|Sadegh Tirafkan (Iranian, 1965–2013). Multitude 10, 2008. Digital photo collage, lambda print; H. 29 1/8 in. (74 cm), W. 44 1/8 in. (112 cm). The Metropolitan Museum of Art, New York, Purchase, 2011 NoRuz at the Met Benefit, 2013 (2013.258). Courtesy Met Museum.|
Though the vast majority of the Met's Islamic collection comprises historical artifacts, we have recently started collecting contemporary art from the regions represented in our galleries. Deciding what exactly is included in the field of contemporary Islamic art is an issue that has been heatedly debated in past years, including most recently at a conference, Contemporary Islamic Art, Design, and Architecture 2015, that I attended in Singapore just a few weeks ago. Scholars have differing opinions of how to define or label works from this category, and our department takes its own particular approach. For us, the collecting mandate is that modern and contemporary works must relate to the historical collection.

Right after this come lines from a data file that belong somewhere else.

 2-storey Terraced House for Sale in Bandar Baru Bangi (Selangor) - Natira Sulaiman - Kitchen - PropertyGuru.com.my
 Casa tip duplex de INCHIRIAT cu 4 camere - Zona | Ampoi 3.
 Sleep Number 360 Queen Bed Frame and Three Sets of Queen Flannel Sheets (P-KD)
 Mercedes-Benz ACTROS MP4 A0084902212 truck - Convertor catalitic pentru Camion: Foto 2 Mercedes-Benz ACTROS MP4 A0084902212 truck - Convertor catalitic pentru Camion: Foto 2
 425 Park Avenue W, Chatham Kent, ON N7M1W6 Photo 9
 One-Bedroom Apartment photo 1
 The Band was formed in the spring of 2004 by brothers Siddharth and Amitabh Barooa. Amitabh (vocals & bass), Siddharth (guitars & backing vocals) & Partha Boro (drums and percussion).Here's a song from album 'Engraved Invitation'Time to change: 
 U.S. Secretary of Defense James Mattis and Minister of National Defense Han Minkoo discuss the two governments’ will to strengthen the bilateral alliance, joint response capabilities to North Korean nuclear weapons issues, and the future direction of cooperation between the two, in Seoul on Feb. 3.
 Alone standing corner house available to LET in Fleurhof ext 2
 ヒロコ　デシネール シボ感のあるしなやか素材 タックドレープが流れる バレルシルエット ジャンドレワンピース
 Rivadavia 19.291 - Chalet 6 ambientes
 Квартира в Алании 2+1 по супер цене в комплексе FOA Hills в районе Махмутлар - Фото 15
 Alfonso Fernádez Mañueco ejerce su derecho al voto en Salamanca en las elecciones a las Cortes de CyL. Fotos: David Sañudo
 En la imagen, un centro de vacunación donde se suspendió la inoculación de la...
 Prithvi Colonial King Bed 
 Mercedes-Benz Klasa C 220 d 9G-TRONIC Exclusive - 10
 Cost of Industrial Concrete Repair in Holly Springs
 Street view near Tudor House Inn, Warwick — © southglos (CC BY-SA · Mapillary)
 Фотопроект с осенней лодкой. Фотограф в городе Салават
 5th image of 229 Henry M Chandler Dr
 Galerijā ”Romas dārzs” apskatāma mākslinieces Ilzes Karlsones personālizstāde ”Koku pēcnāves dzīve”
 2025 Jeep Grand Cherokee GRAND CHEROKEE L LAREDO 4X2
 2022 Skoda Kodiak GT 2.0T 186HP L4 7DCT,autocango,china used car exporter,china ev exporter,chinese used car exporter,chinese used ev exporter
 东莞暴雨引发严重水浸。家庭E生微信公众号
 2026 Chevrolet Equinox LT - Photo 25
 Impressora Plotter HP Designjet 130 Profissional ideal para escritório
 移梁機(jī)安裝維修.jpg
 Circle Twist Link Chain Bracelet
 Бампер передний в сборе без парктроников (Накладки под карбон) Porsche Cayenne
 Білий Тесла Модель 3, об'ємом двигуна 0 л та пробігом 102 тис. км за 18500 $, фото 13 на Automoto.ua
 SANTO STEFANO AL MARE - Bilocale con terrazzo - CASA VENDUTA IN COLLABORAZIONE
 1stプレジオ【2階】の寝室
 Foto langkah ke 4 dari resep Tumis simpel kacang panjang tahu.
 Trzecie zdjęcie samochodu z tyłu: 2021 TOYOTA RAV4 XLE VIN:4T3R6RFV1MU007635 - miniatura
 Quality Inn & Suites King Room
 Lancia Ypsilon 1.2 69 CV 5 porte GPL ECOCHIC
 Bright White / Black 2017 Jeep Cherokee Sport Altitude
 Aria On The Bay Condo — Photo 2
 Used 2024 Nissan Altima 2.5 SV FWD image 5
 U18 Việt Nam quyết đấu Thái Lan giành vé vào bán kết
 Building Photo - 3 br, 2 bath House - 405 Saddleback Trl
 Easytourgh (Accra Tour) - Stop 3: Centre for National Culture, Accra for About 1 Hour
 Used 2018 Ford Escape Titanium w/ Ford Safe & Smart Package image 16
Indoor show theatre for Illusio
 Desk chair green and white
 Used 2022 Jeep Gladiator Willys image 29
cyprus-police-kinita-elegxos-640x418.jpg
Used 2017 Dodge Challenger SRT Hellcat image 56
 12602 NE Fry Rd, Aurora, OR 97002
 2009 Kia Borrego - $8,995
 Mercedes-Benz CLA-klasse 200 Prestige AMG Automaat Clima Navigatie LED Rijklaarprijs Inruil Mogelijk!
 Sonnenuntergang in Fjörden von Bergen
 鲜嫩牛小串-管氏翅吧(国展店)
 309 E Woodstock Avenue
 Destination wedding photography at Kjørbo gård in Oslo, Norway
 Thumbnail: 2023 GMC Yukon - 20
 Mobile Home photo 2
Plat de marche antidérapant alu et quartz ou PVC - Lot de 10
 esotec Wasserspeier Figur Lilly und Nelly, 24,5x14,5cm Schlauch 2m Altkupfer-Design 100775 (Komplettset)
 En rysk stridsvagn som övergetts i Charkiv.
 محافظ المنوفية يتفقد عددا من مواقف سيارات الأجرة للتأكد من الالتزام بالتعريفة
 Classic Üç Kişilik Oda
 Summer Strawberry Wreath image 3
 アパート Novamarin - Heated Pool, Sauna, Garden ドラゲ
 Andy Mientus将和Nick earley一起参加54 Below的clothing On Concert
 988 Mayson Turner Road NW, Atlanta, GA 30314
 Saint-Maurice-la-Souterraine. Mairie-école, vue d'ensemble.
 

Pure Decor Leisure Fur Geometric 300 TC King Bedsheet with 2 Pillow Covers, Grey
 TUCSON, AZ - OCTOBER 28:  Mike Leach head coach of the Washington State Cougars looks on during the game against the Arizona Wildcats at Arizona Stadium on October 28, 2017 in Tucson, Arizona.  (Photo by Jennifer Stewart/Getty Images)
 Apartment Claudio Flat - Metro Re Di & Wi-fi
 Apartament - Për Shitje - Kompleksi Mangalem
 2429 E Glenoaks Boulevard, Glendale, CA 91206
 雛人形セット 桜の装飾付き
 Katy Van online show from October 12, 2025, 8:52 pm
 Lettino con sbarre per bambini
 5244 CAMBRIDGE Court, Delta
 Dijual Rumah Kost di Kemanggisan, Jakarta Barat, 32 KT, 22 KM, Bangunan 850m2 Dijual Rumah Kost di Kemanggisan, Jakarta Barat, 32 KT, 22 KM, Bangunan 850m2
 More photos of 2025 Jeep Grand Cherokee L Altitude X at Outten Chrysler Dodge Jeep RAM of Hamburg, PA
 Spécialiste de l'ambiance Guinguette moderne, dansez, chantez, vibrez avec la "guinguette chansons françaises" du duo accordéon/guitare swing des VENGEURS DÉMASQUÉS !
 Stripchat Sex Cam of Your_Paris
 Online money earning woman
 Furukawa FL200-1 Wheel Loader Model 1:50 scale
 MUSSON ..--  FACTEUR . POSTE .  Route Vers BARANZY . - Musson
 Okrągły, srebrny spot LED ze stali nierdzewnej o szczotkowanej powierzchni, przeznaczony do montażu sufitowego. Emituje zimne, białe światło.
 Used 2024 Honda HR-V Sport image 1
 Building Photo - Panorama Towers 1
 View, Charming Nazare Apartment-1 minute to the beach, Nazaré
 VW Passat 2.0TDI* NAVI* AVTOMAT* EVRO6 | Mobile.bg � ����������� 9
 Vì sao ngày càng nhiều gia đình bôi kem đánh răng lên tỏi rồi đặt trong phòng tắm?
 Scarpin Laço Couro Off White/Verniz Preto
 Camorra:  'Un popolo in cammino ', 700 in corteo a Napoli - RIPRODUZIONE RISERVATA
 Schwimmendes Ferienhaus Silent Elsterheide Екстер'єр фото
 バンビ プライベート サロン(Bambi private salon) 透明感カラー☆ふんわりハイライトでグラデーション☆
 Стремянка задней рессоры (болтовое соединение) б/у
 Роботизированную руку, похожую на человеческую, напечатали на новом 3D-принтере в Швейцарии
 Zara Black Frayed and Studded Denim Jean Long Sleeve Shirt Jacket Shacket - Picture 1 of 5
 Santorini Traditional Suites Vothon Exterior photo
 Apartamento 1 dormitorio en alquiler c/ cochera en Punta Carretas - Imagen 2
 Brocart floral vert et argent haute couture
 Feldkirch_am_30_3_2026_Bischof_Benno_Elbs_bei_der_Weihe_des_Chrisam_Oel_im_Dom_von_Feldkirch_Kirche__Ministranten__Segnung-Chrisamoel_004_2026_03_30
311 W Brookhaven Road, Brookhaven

A popular theme for some contemporary Iranian artists is to use iconography that refers to the Persian national epic, the Shahnama (Book of Kings), originally composed by Abu'l Qasim Firdausi (935–1020). In the work above, Rustam Returns at Age 30 after Being Brought Up Abroad, Iranian artist Siamak Filizadeh uses new media and popular culture to reference the hero Rustam. This same character appears in illustrations found in various manuscripts of the Shahnama, including the famous sixteenth-century version created for Shah Tahmasp.
Identifiable by his leopard-skin helmet in both the historical and the contemporary depictions, artists have usually portrayed Rustam in a manner that highlights his bravery and strength. In Filizadeh's work, he represents Rustam the hero as a muscular bodybuilder, with the letter "R" covering a red-and-yellow Superman logo on his bare chest. Here, he holds a rocket-propelled grenade launcher with a small decal of the film character Rambo and wears a Dolce and Gabbana belt. Contemporary Rustam appears with a tiled Safavid-style arch and rocks akin to those found in Persian miniature painting, as well as the Shahyad monument (Burj-i Azadi) built in 1971, considered to be the quintessential symbol of and gateway to modern Tehran. The work is a whimsical creation of an immediately identifiable character and uses visual cues to bridge chronology between historical and contemporary Islamic art.
Meanwhile, in Sadegh Tirafkan's Multitude 10, the artist creates a digital photo collage of young Iranian girls performing exercises in a gym class.